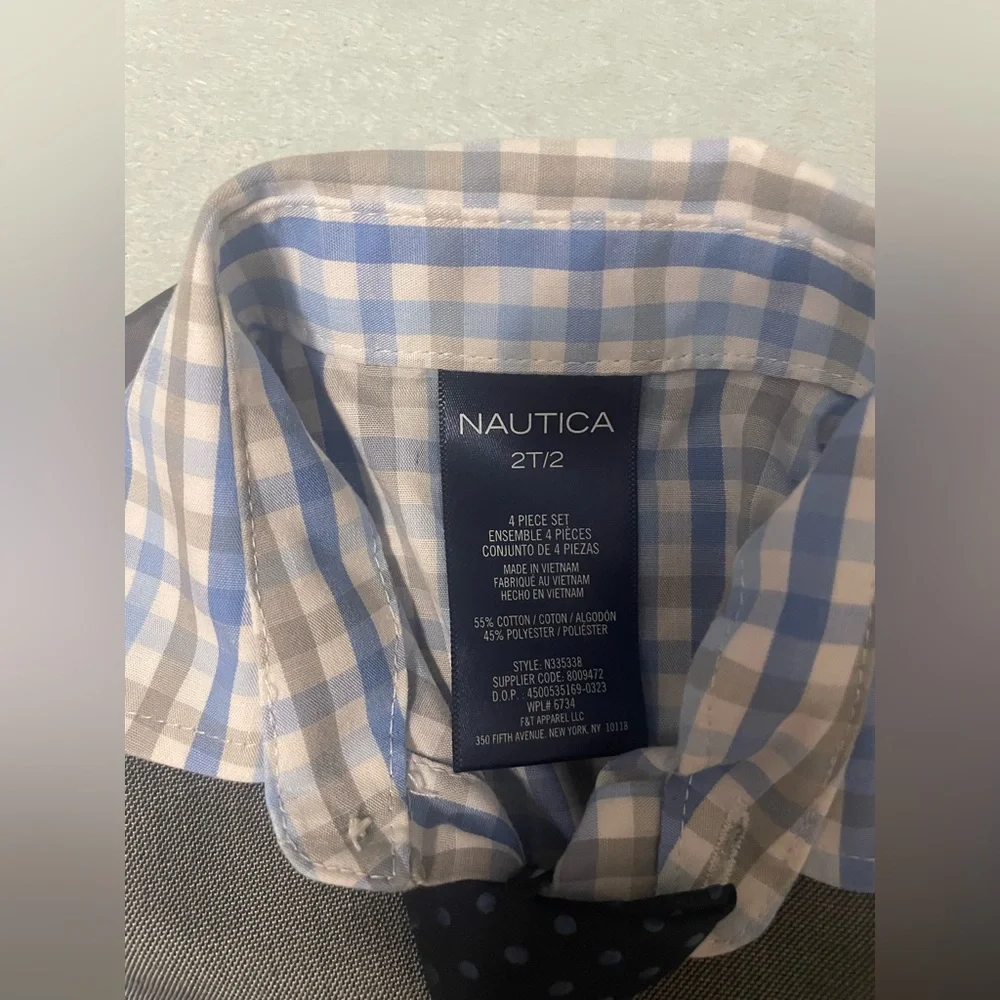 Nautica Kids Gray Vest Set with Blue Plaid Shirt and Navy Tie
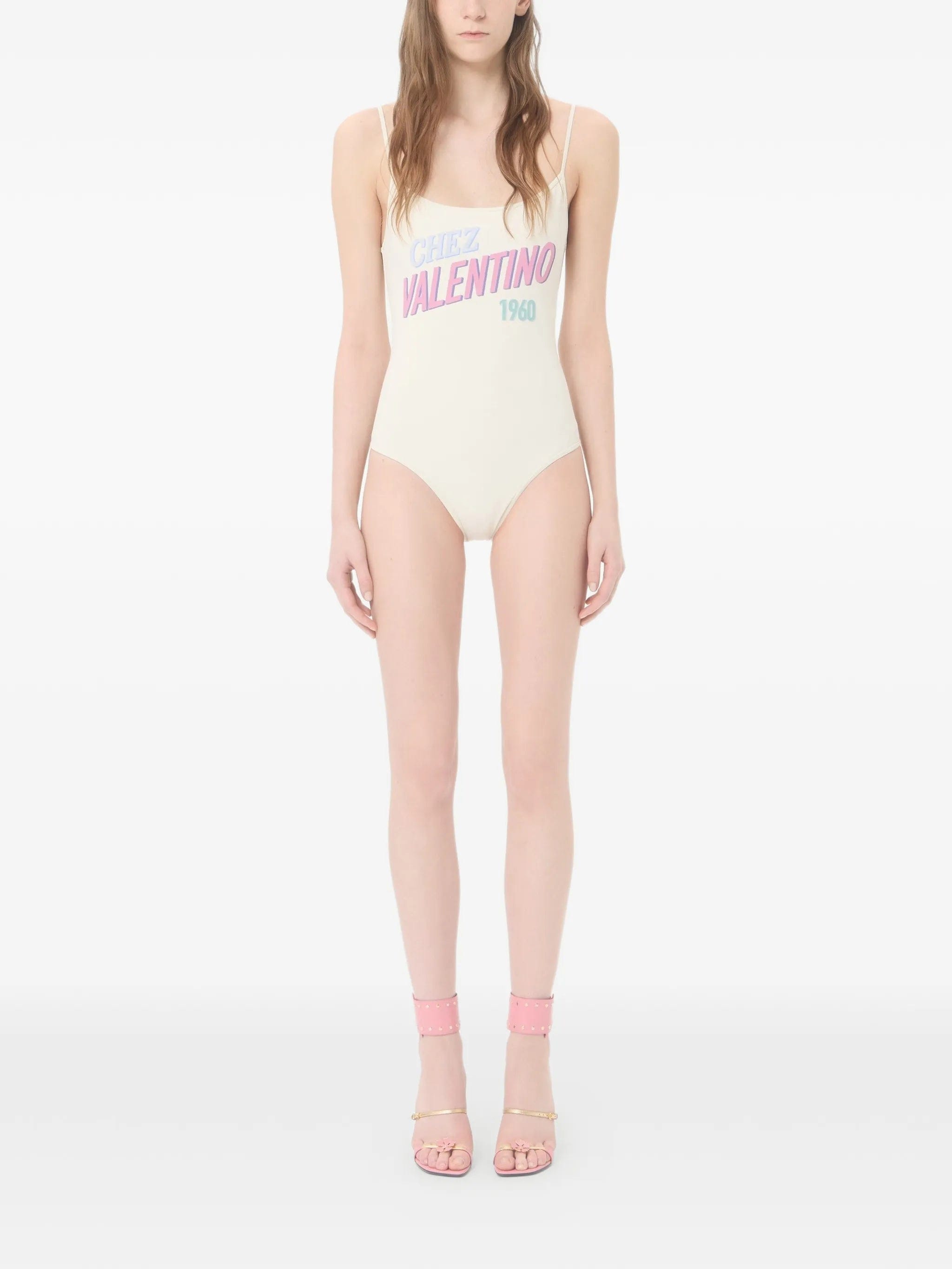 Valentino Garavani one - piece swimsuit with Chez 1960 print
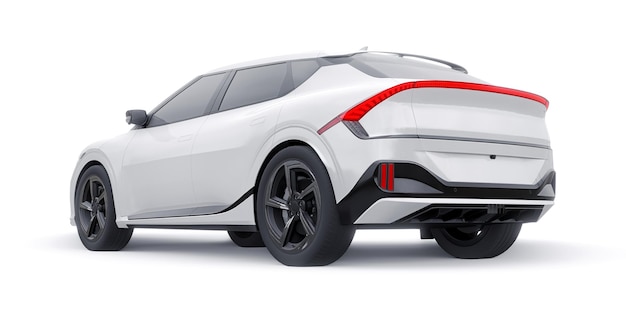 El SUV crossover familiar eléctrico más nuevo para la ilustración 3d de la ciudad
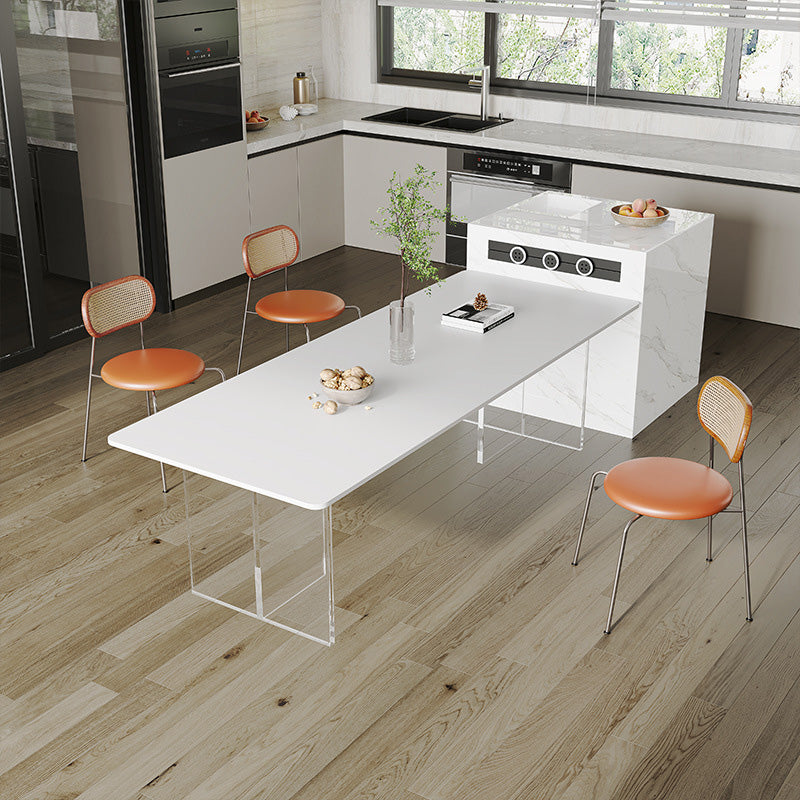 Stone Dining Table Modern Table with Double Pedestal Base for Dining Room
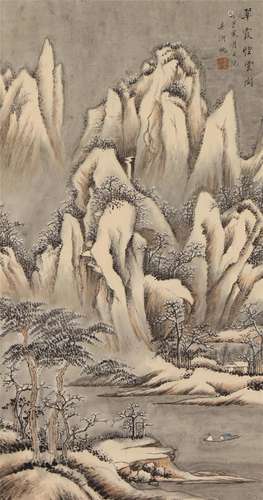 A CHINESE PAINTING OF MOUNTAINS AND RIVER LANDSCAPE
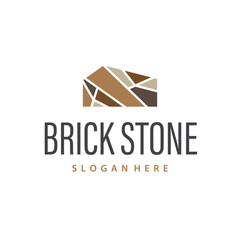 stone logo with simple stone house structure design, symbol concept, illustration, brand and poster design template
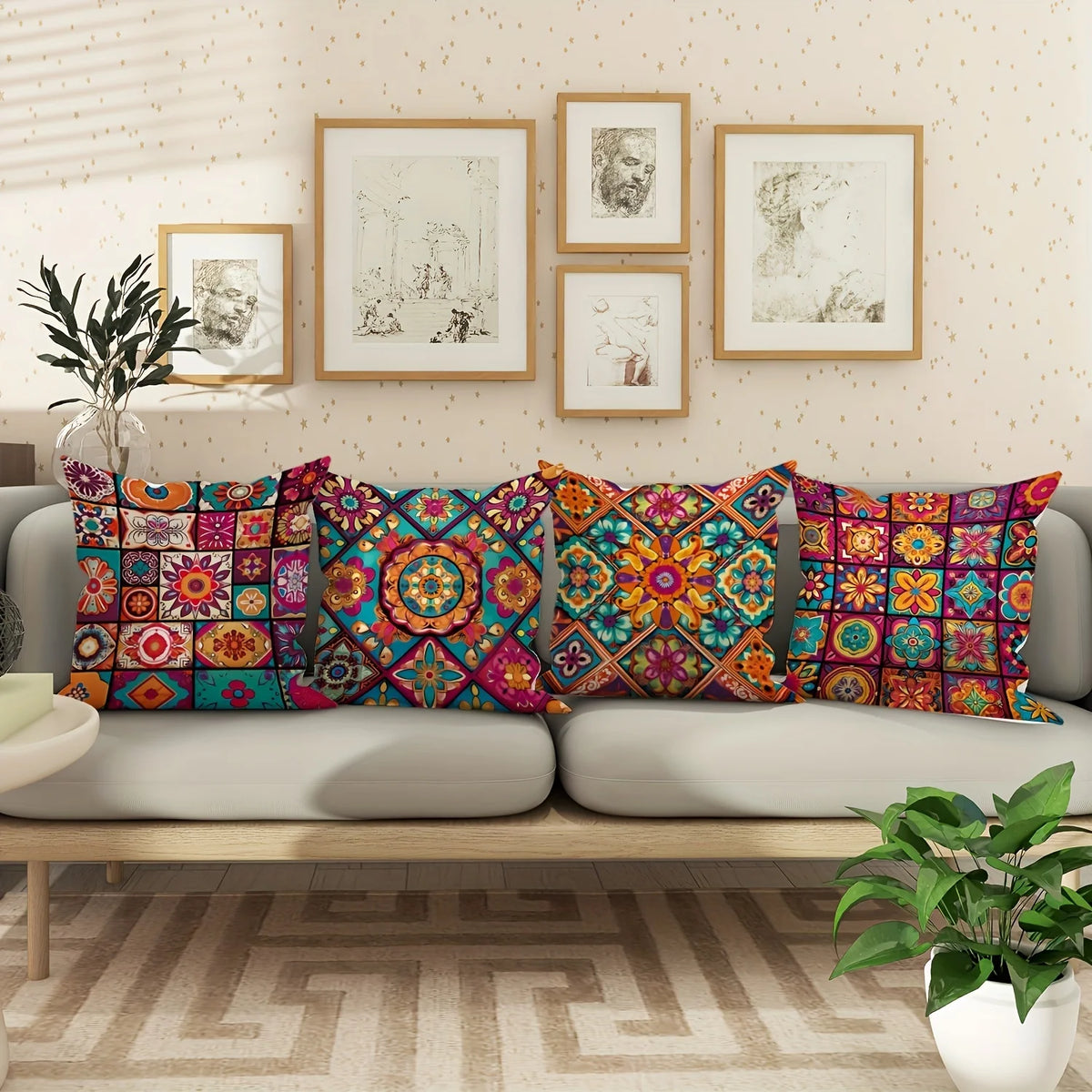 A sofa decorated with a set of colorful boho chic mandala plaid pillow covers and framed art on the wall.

:::

■ **AIM OF THE TASK**
Find the line containing "A CHINESE PAINTING", then extract it and every line after it to the end of the data above, exactly and nothing else, without pictures.

■ **RESPONSE TO THIS EXERCISE**
 A CHINESE PAINTING OF MOUNTAINS AND RIVER LANDSCAPE
 stone logo with simple stone house structure design, symbol concept, illustration, brand and poster design template
 A sofa decorated with a set of colorful boho chic mandala plaid pillow covers and framed art on the wall.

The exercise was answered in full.